__WHAT IS BEING ASKED__
From the entries below, write out exactly the lines between the line holding "عمارة_سكنية_واستثمارية للبيع جنوب_العاصمة_صنعاء" and the line holding "textured cartoon planet", inclusive, excluding any pictures.

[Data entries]
Start of Block

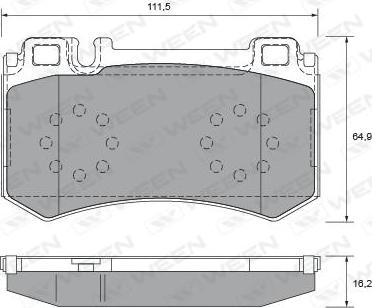 Ween 151-2646 - Kit de plaquettes de frein, frein à disque cwaw.fr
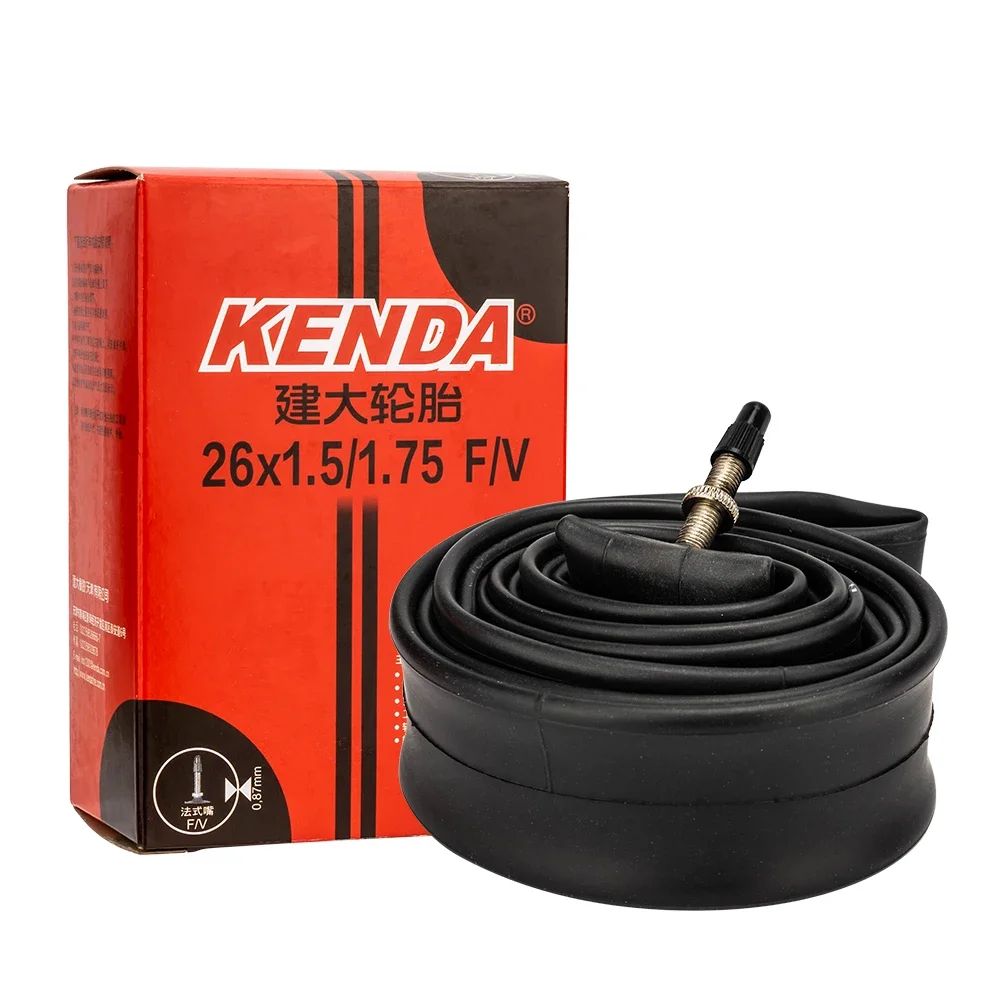 KENDA Fahrradschläuche 26/27,5/29 Zoll 1,5-1,75/1,95-2,125/2,1-2,35 Radreifen 48 mm französisches Ventil Schrader Presta-Ventile – Detail 6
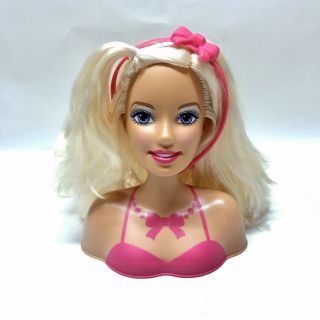 2011 Mattel Barbie Styling Head,  Long Blonde Hair,  8 Inches,  Head Band
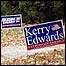 Lawn signs for Bush and Kerry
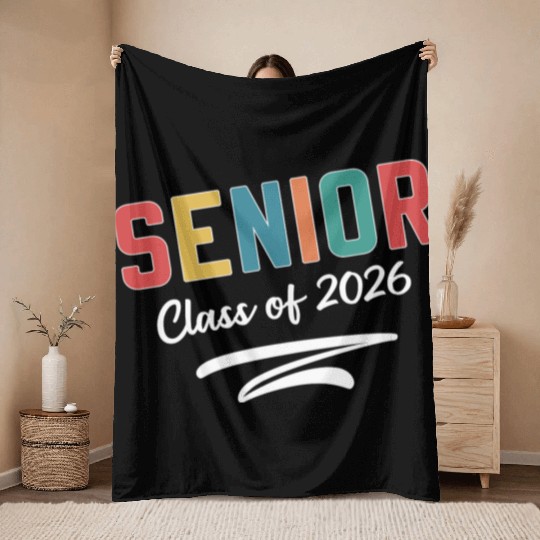 Senior Class of 2026 Graduation Senior Throw Blankets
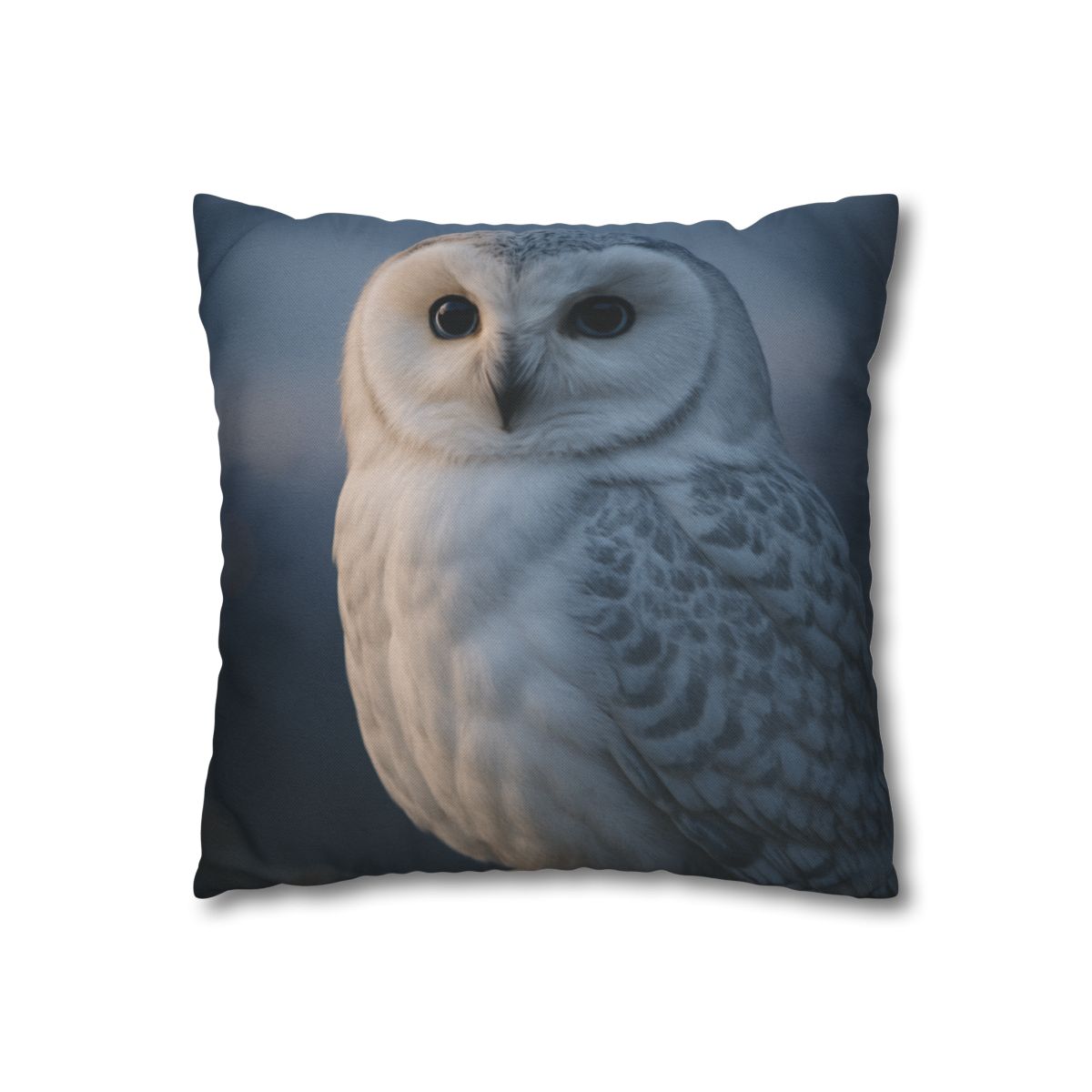 Twilight Watcher Snowy Owl personalized pillow covers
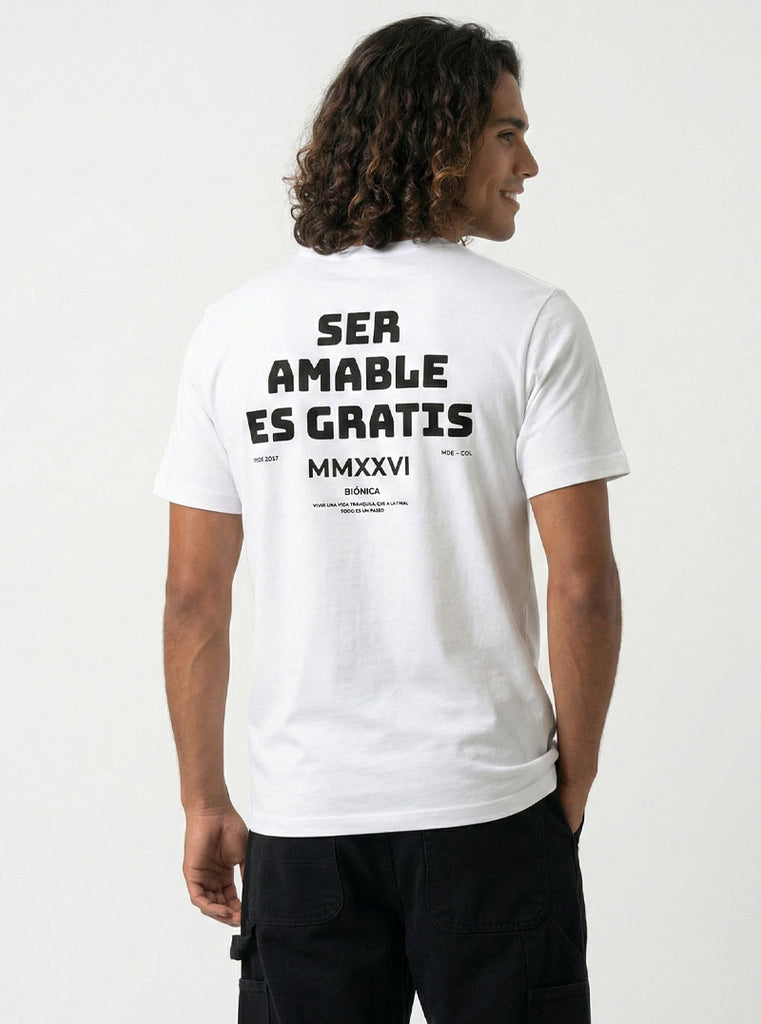 CAMISETA SER AMABLE ES GRATIS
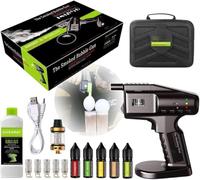 Kit per affumicatore per cocktail con liquido per bolle e oli essenziali, infusore portatile per cucina molecolare e bolle di fumo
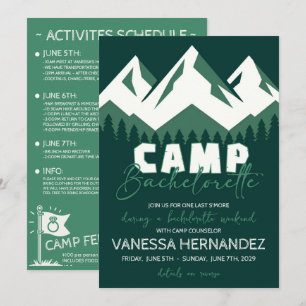 Invitation Camp Bachelorette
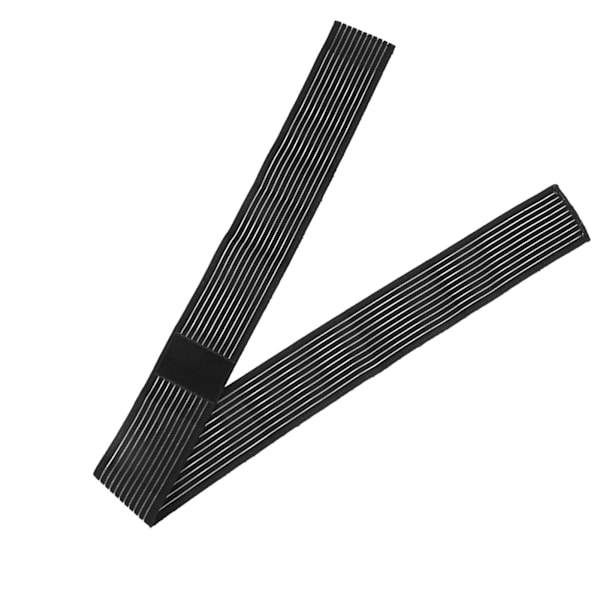 Löpning utomhus Sport Hög elastiskt bandage Anti stukning Knästöd Skyddsrem (svart)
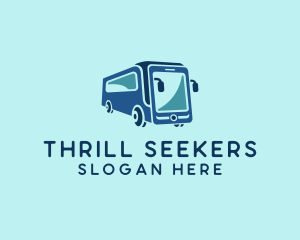 Mobile Smart Transit Bus Van logo design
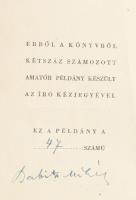 Babits Mihály kisebb műfordításai. Babits Mihály összegyűjtött munkái IX. [Bp.,1939],Athenaeum, 4+38...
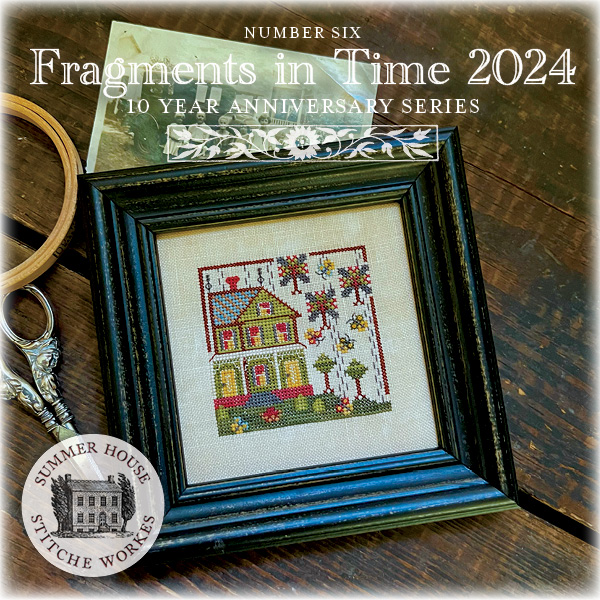 Fragments in Time 2024 - Number Six - Cross Stitch Pattern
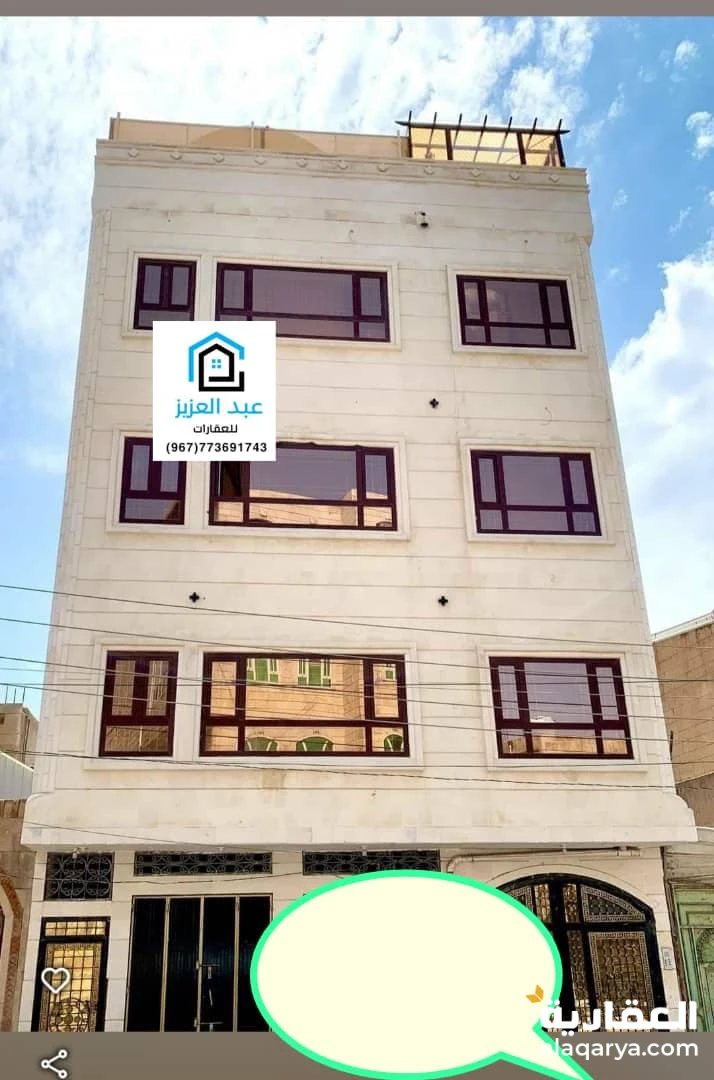 عمارة_سكنية_واستثمارية للبيع جنوب_العاصمة_صنعاء في شارع_تعز_حي_شميلة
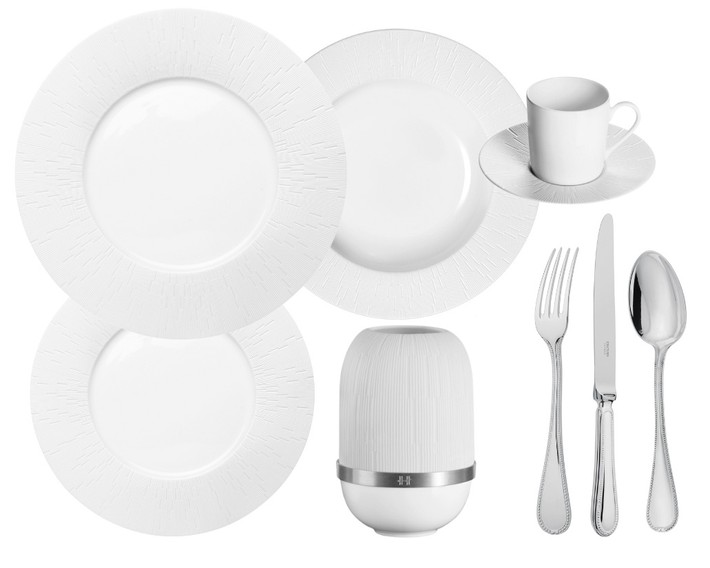 Haviland Infini White dinnerware collection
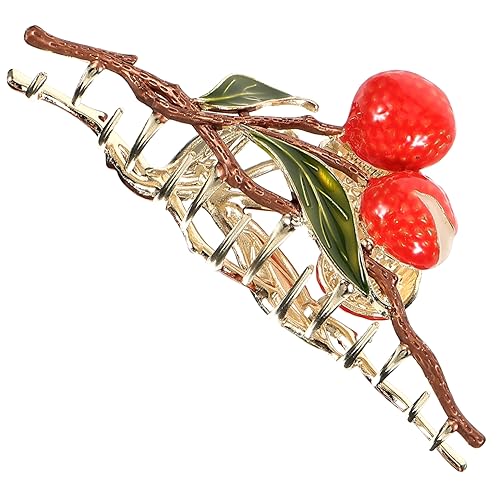 CANIGHT Litschi-haarspange Große Haarklammer Blattdesign Modisches Haar-accessoire Für Damen CANIGHT Litschi-haarspange Große Haarklammer Blattdesign Modisches Haar-accessoire Für Damen von CANIGHT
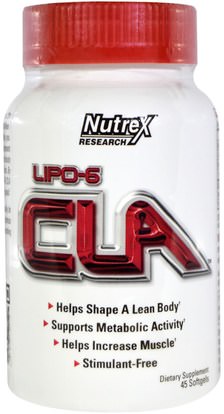 Nutrex Research Labs, Lipo-6 CLA, 45 Softgels ,وفقدان الوزن، والنظام الغذائي، كلا (مترافق حمض اللينوليك)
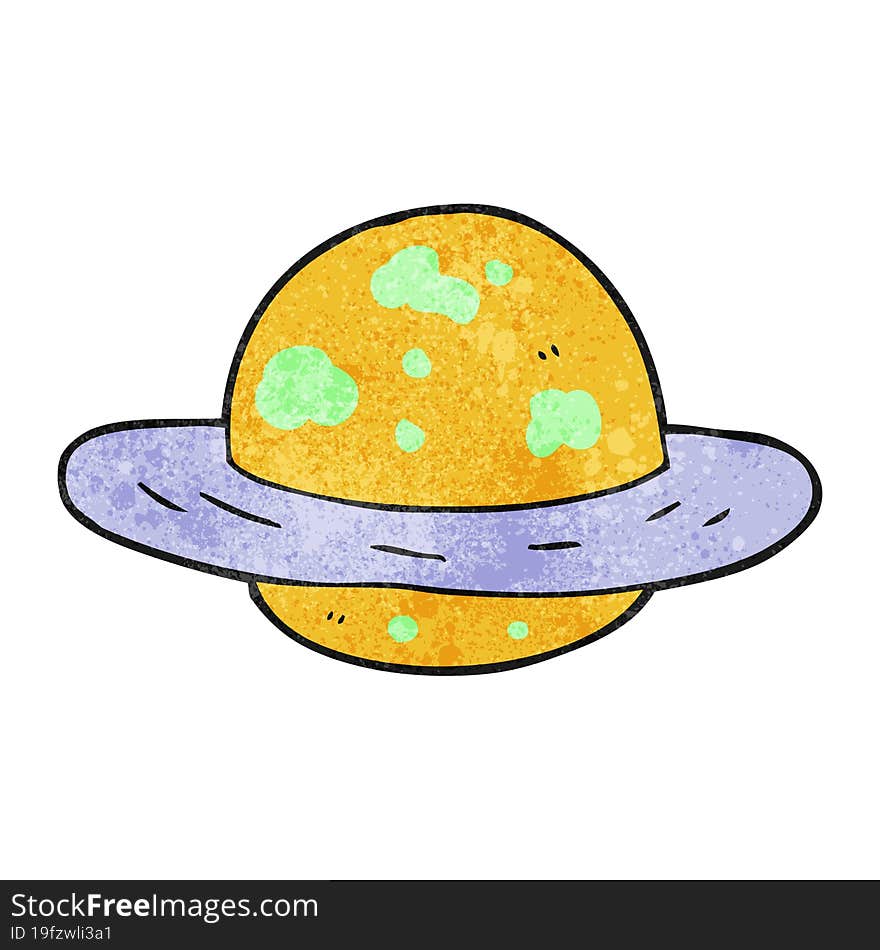 textured cartoon planet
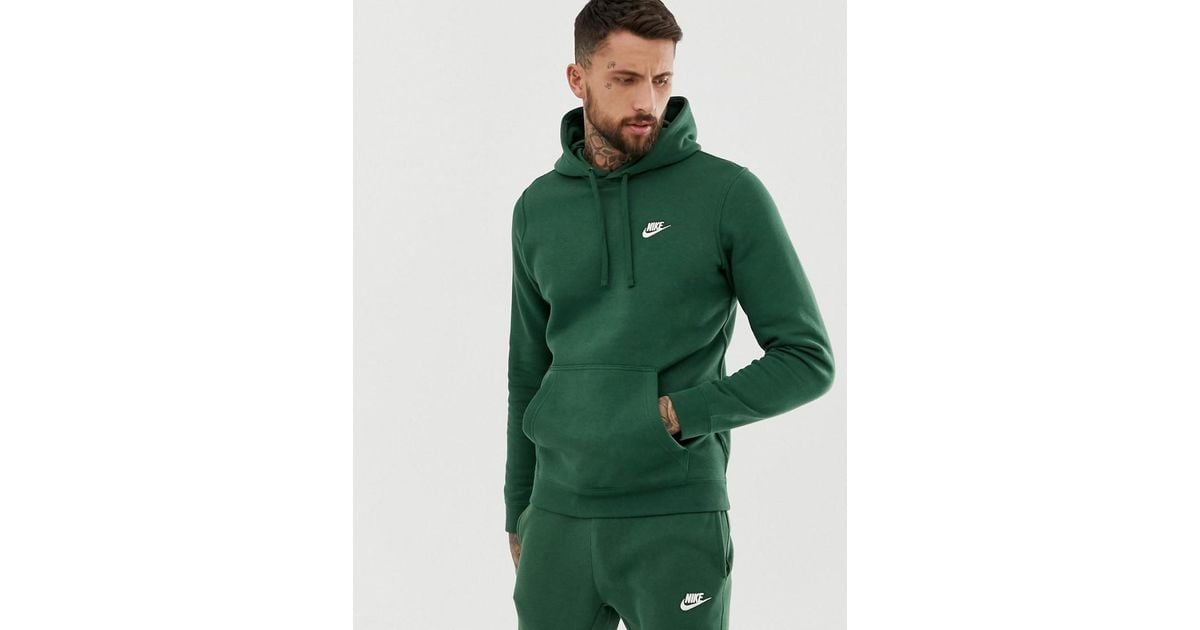 Nike Fleece Sportswear Pullover Hoodie in Green for Men Lyst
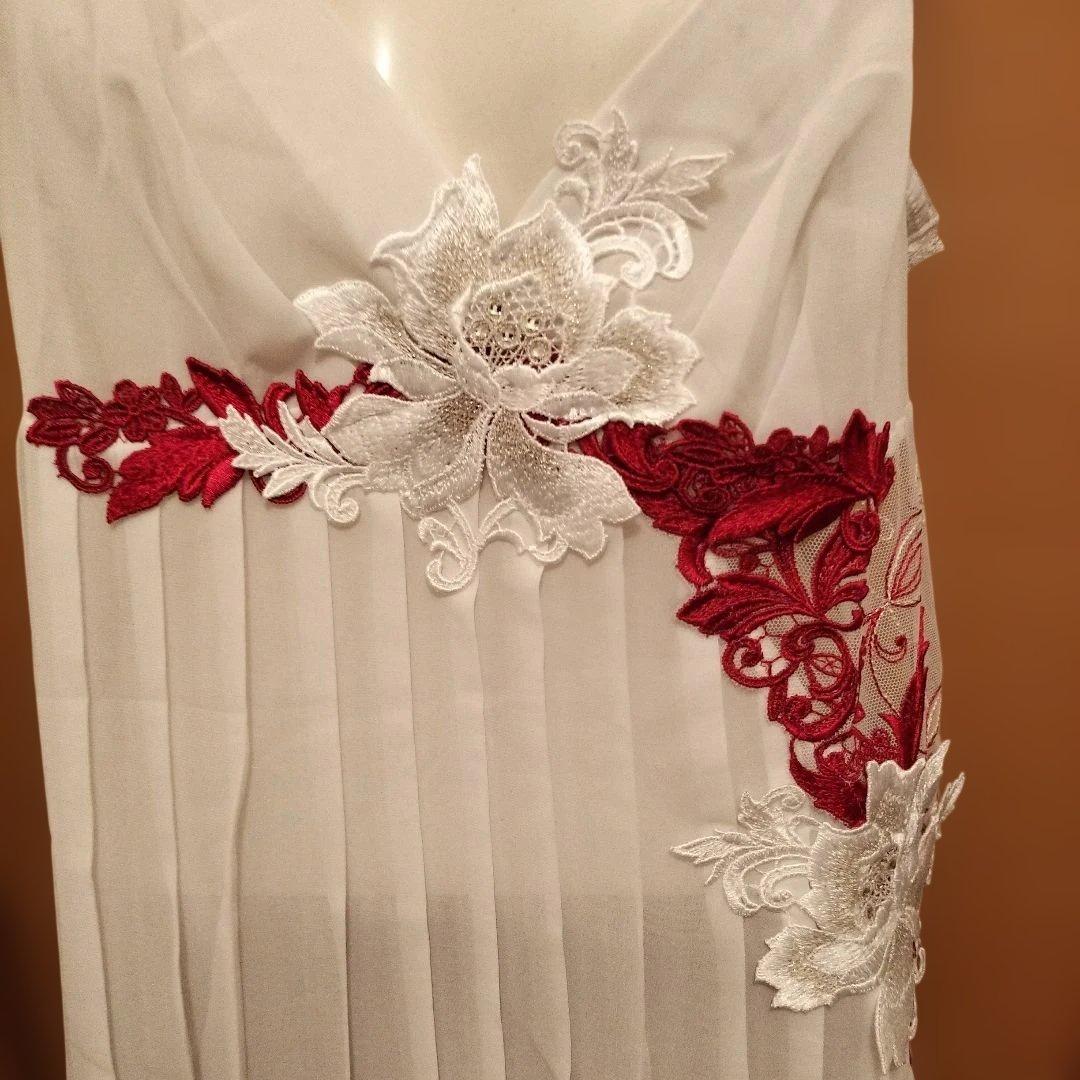 サルート歌舞伎刺繍デザイン ホワイトキャミソール Lサイズ即購入◎廃盤品です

End of Block

__RESPONSE TO THE TASK__
 عمارة_سكنية_واستثمارية للبيع جنوب_العاصمة_صنعاء في شارع_تعز_حي_شميلة
 Haviland Infini White dinnerware collection
 CANIGHT Litschi-haarspange Große Haarklammer Blattdesign Modisches Haar-accessoire Für Damen CANIGHT Litschi-haarspange Große Haarklammer Blattdesign Modisches Haar-accessoire Für Damen von CANIGHT
 Nutrex Research Labs, Lipo-6 CLA, 45 Softgels ,وفقدان الوزن، والنظام الغذائي، كلا (مترافق حمض اللينوليك)
 textured cartoon planet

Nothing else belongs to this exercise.